Total Depravity- the Gateway to Universalism?

A fundamental doctrine of Christianity is original sin, that all people have the inborn nature to commit sin, will commit sin and must get forgiveness from God for sins committed. No one can claim to have committed no sins.

Catholics and Jews believe in atoning for sins, that is doing something to correct the wrong done. They also both believe that atonement for sins will occur after death. Jews believe those who are not completely righteous but not seriously evil will spend some time in hell, while Catholics believe this will occur in a place separate from hell, called purgatory.

The demand or request for money from believers by the Catholic Church created a great deal of resentment, which in part led to the Reformation. Luther said salvation came only by faith, not by any action of the believer. Calvin went farther, to say that all humans were totally depraved, that is to say that no action or even faith made it possible for a person to be saved, but only by the election of God does salvation occur. One who believes in Jesus is saved, and one who does not is not, regardless of anything else or any other action or behavior.

With this view of original sin, each person has simply through their sin nature a debt to God that cannot be settled by any charity or piety. It is simply forgiven by God. The grimness of Calvinism comes from the total helplessness of the individual before God and his complete dependence on God’s mercy.

We think of Calvinism as being a conservative type of belief, insisting on a high standard of behavior, not as useful for achieving salvation but out of gratitude towards God and as a matter of honor and respect.

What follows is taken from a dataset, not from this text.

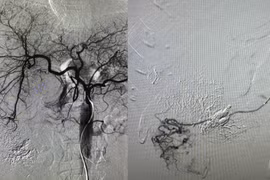 Đau bụng dữ dội người đàn ông 39 tuổi vỡ u gan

On the other hand, a lot of theological liberals are Calvinist. Where does the contradiction come in?

The thing about total depravity- the idea that all human beings are deeply sinful, which is shared by most Christians even if they are not Calvinists- is that it makes all human beings equally evil. The parable of the unforgiving servant is the usual example. A servant owes a king a huge debt which he cannot hope to pay, although he insists he will. The king just forgives the debt. The servant then leaves and runs across a man who owes him a much smaller debt, and demands payment. The king hears of this and reinstates the debt.

The unforgiving servant is said to represent any person who will not forgive any other person anything. Each person via original sin has a huge and undischargeable debt to God. Since this is forgiven, he must then forgive all debts or offenses by others against him, or he will not be forgiven.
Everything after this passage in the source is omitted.